Auch die rechtlichen Rahmenbedingungen zu Berichterstattungen, Meldeverpflichtungen oder Auskunftspflichten nach dem Verbraucherinformationsgesetz führten unausweichlich zu einer Digitalisierung der Dokumentation und Datenbereitstellung, da nur so eine zeitnahe Datenübermittlung und eine Vernetzung der zuständigen Stellen auf allen Überwachungsebenen sowie mit den zuständigen zivilen Überwachungsbehörden zu erreichen war. So wurde im März 2007 vom Sanitätsamt der Bundeswehr, der damals fachlich vorgesetzten Stelle der Dezernate 5 und 6, um die Beschaffung eines geeigneten Datenmanagementsystems gebeten, das eine qualitätsgesicherte Aufgabenerfüllung unter anderem im Bereich der Lebensmittelüberwachung zukunftsweisend unterstützt.

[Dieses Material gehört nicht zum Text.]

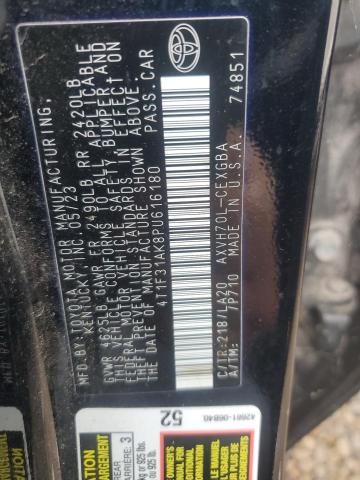 4T1F31AK8PU616180 - 2023 TOYOTA CAMRY XLE 黑色 照片 12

Im Fokus standen:
die Steuerung der Überwachungstätigkeiten bei amtlichen Kontrollaufgaben unter dem Aspekt des Ressourcenmanagements,
die qualitätsgesicherte Dokumentation aller überwachungsrelevanter Daten,
die Leistungserfassung im Controlling/Reporting,
das einheitliche Verwaltungshandeln in allen Wehrbereichen
und nicht zuletzt das Erfüllen von Meldepflichten nach bundeswehrinternen und zivilen Vorgaben.

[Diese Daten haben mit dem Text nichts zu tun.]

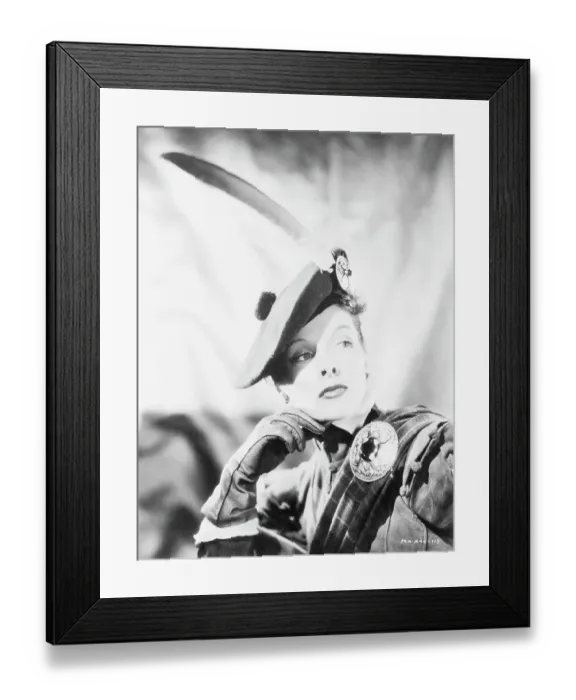 Framed Print : Actress Katharine Hepburn in Costume Framed Print : Actress Katharine Hepburn in Costume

Es galt die Insellösungen der verschiedenen Stellen innerhalb der Bundeswehr zu harmonisieren und zum Informations- und Datenaustausch mit der zivilen Überwachung im Sinne einer einheitlichen Datenstruktur nach gültigen Verwaltungsvorschriften (AVV DÜb) [2] zu befähigen. Zu diesem Zeitpunkt verfügten bereits alle Bundesländer in dem Bereich der Lebensmittelüberwachung über das modular aufgebaute Datenverarbeitungssystem BALVI iP [3] oder ein darauf basierendes System der BALVI GmbH. Es erfolgte eine erste Präsentation der Software unter Teilnahme aller für die Lebensmittelüberwachung zuständigen Stellen. Die Reaktionen spiegelten ein breites Spektrum zwischen Begeisterung und Ablehnung wider. Besonders in den Dezernaten 5 und 6 der SanKdo fielen die Stellungnahmen eher zurückhaltend aus. So wurde festgestellt, dass das akkreditierte Qualitätsmanagementsystem offensichtlich nicht kompatibel sei und „für die Bundeswehr grundlegende Veränderung [...] bedeuten“ würde. Es wurde eher zu einer Ablehnung der vorgestellten Software tendiert. Dies veranschaulicht sehr gut den zentralen Aspekt bei Veränderungsprozessen: es bedarf einer gewissen Aktivierungsenergie, die mit Neuerungen einhergehenden Unsicherheiten und Hemmnisse zu überwinden. Ohne die notwendige Unterstützung der Arbeitsebene geriet das Projekt in eine Stagnation. Es vergingen drei Jahre von der Feststellung der Fähigkeitslücke bis zur Erstellung der qualifizierten Initiative und weitere sechs Jahre bis der nutzerseitigen Initiative stattgegeben wurde.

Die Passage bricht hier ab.